The task - Exactly as they appear below, repeat the lines from the one with "Immer den nächsten" through the one with "LEASE TRANSFER –". Drop every picture.

Supplied records -
::::::::

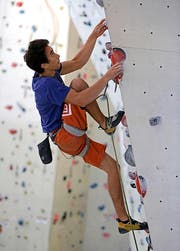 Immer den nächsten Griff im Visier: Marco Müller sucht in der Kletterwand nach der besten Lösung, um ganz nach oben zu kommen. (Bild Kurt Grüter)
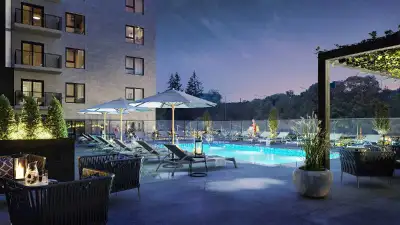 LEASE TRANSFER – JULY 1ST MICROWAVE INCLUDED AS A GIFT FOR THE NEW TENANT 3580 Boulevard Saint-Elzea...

::::::::

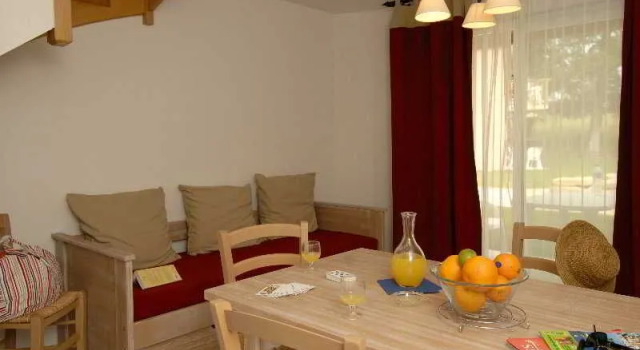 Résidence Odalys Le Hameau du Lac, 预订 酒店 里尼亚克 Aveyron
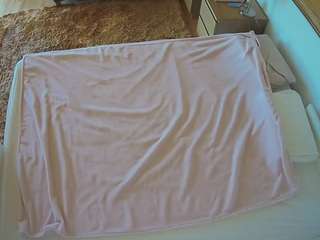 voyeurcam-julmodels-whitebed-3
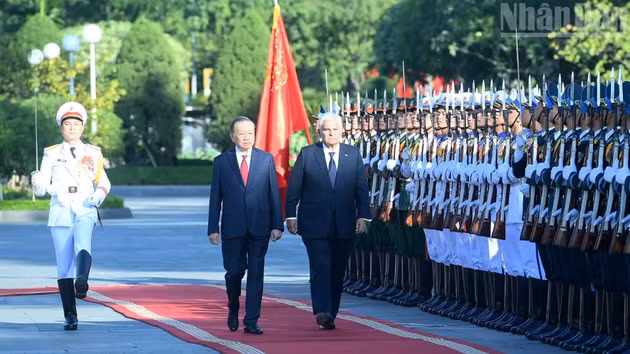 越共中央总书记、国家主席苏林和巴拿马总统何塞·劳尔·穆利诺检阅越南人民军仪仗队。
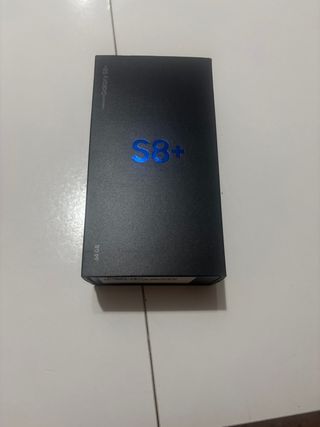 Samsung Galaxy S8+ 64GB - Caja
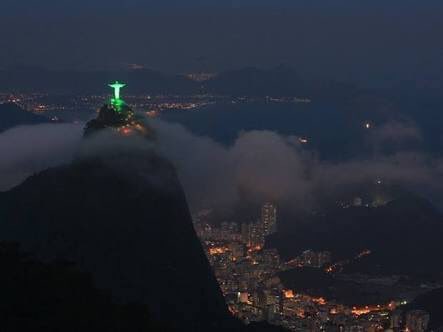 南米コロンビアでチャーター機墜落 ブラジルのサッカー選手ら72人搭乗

::::::::

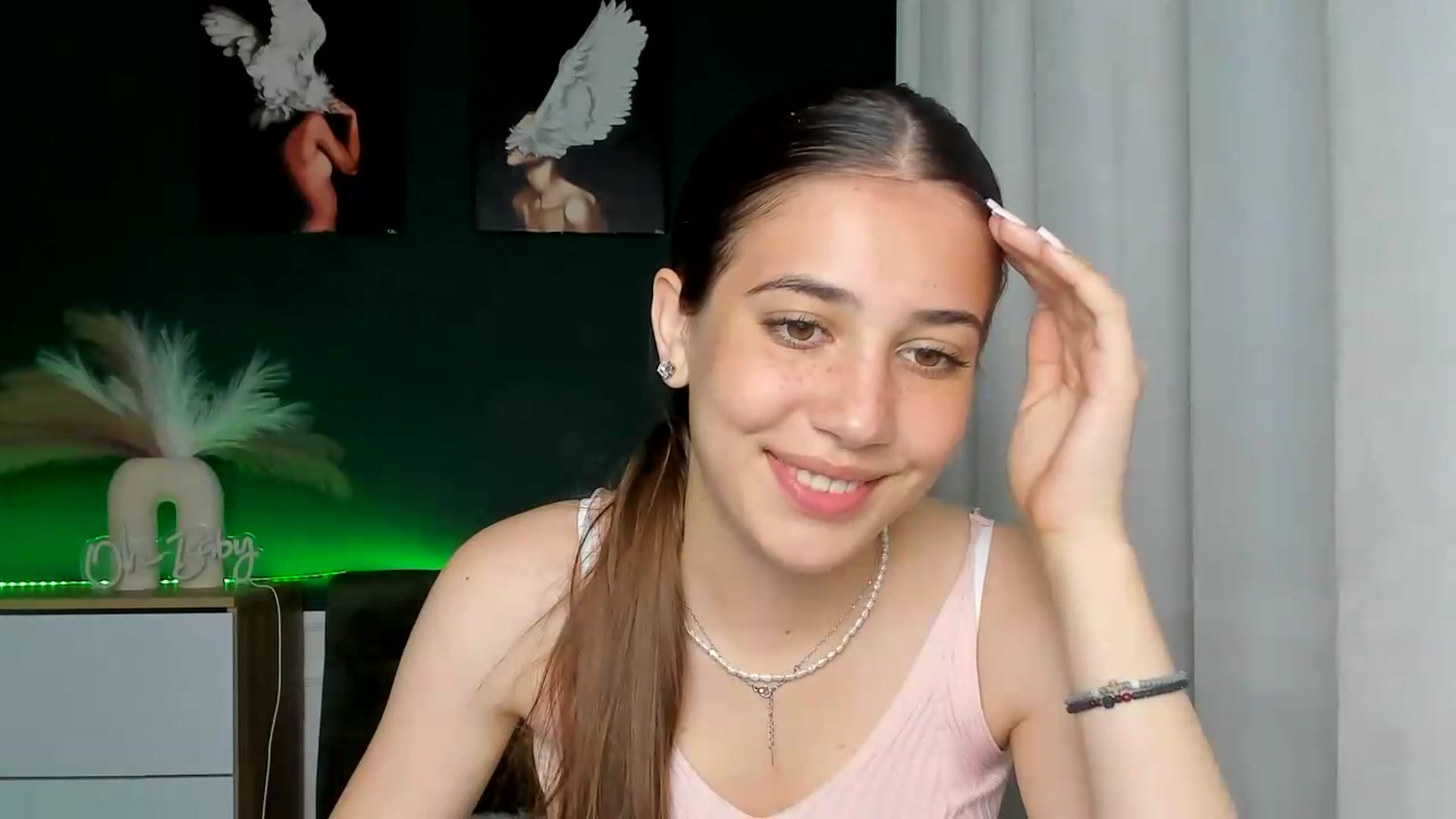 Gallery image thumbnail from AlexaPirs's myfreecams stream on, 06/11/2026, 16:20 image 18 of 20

::::::::

Answer space -
 Immer den nächsten Griff im Visier: Marco Müller sucht in der Kletterwand nach der besten Lösung, um ganz nach oben zu kommen. (Bild Kurt Grüter)
 LEASE TRANSFER – JULY 1ST MICROWAVE INCLUDED AS A GIFT FOR THE NEW TENANT 3580 Boulevard Saint-Elzea...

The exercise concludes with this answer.